Por tudo quanto se veio de expor, é de concluir que o recorrente não deve ver satisfeita a pretensão a que se referem as conclusões R) e S). Repita-se, de resto, que, como tem sido sempre sublinhado pela jurisprudência desta secção do STJ, o recurso contencioso das deliberações do CSM é de mera anulação [63], e por isso, caso fossem acolhidas uma ou mais das conclusões vindas de apreciar, a decisão a proferir sempre se limitaria à anulação da deliberação recorrida, e não pressuporia uma determinação àquele órgão, para proceder à graduação do recorrente nos termos por ele preconizados.

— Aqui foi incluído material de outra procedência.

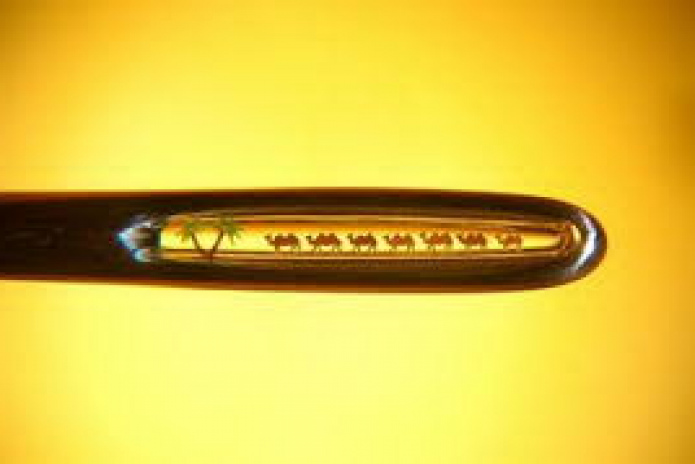 Диво под микроскопом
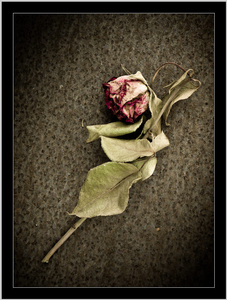 Uber Exif Photo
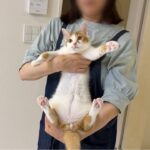 実家でイタズラしすぎて初めて母に怒られた子猫がこうなっちゃいました…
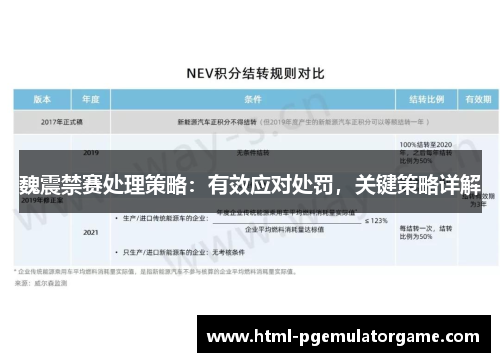 魏震禁赛处理策略：有效应对处罚，关键策略详解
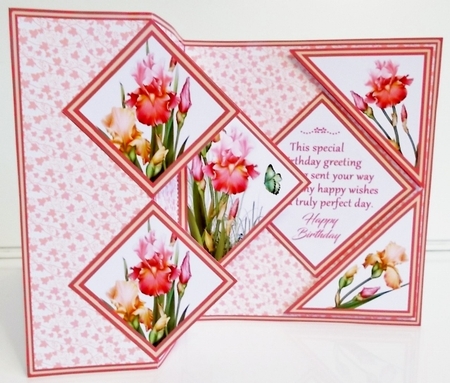 FBPS Pink Irises by Pam Stubley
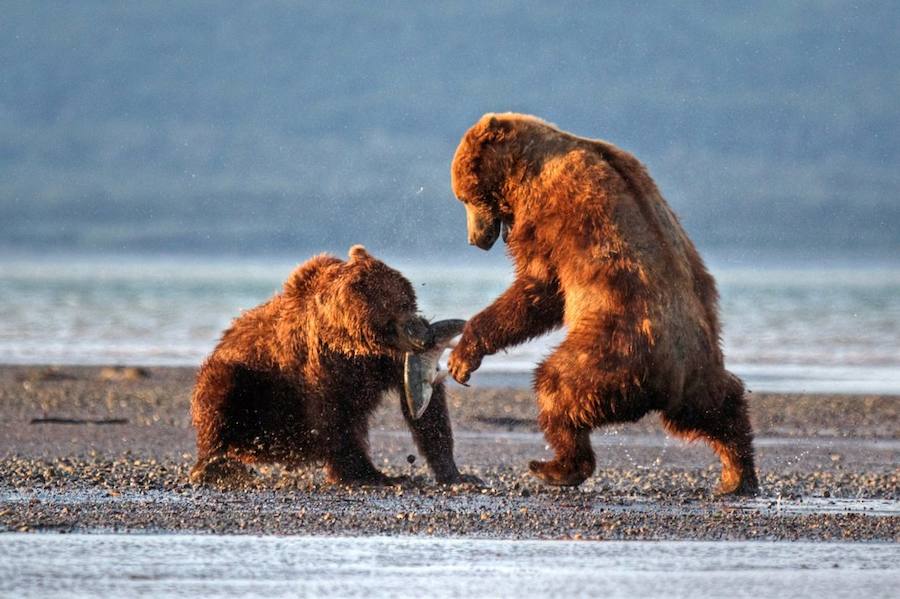Las mejores fotos de Naturaleza. 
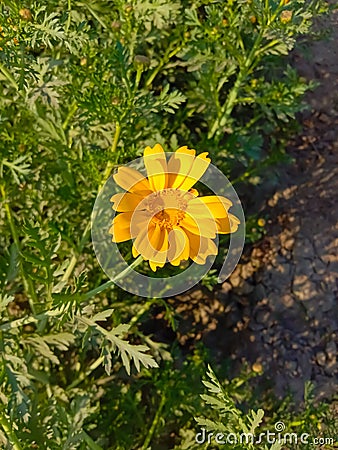 Close up of Pot Marigold flower.Pot Marigold flower.Marigold Flower.Mexicane Marigold flower.Beauti Door Marigold flower. Stock Photo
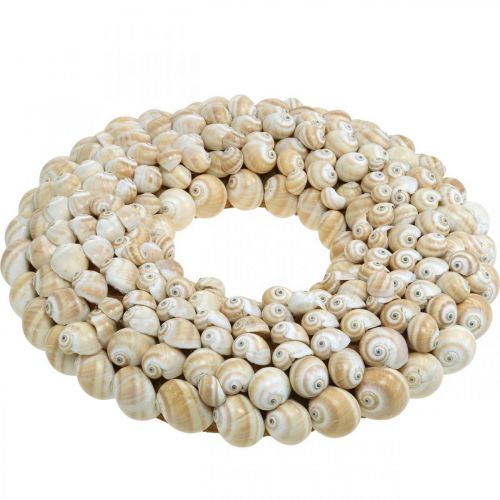 Floristik24 Snail wreath, maritime decoration, natural Mattukan snails natural colors Ø39.5cm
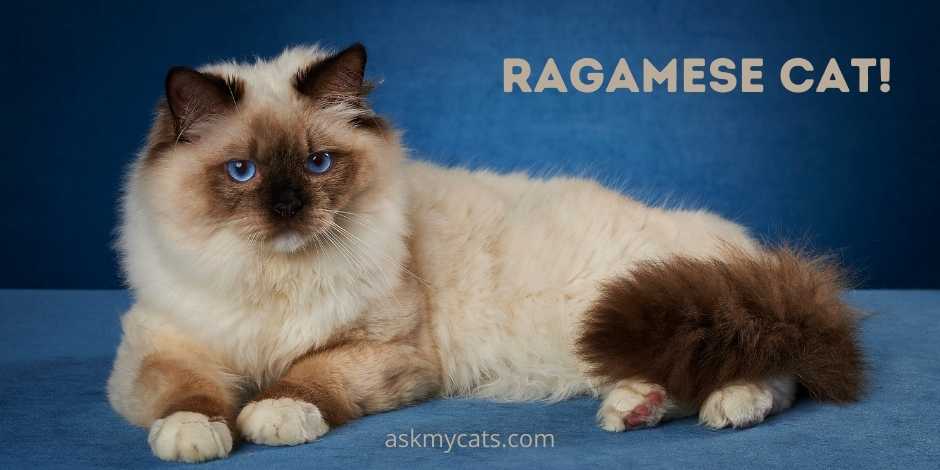 Ragamese Cat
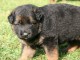 Chiot berger allemand femelle lof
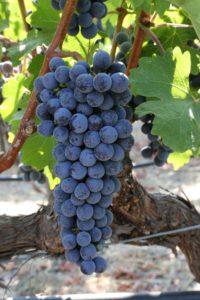 grapes-napa (41)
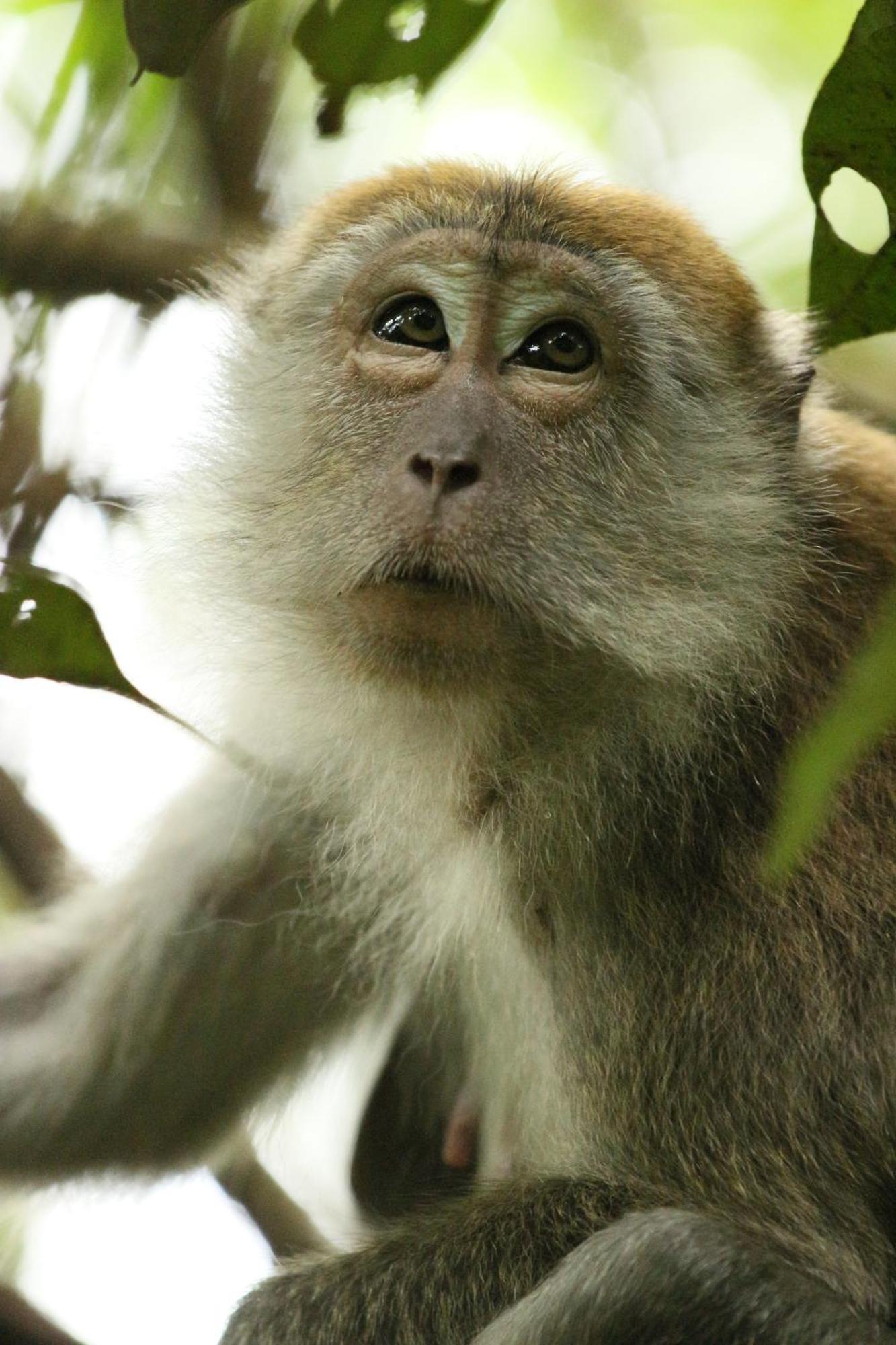 Magpie Homestay & Jungle Trekking Especially For Guest Trekking With Us Bukit Lawang Buitenkant foto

Refira-se, enfim, que o recorrente, na conclusão Q) se limita a reafirmar o seu entendimento (posição que acima se corroborou) quanto à extensão da sindicabilidade judicial da decisão recorrida, o que equivale por dizer que aí não se enuncia qualquer questão que deva ser conhecida neste aresto.
Isto dito, face à extensão das nossas precedentes considerações, diremos em síntese e a terminar: D - DECISÃO Pelo exposto e na improcedência do recurso interposto pela recorrente, acordam os juízes que constituem a secção de contencioso deste STJ em manter a deliberação recorrida. Custas a cargo do recorrente (n.ºs 1 e 2 do art. 527.º do CPC ex vi art. 1.º do CPTA). Sendo o valor da presente acção o de € 30.000,01 (n.º 2 do art. 34.º do CPTA), a taxa de justiça é de 6 unidades de conta (Tabela I - A, anexa ao RCP - n.º 1 do art. 7.º deste diploma).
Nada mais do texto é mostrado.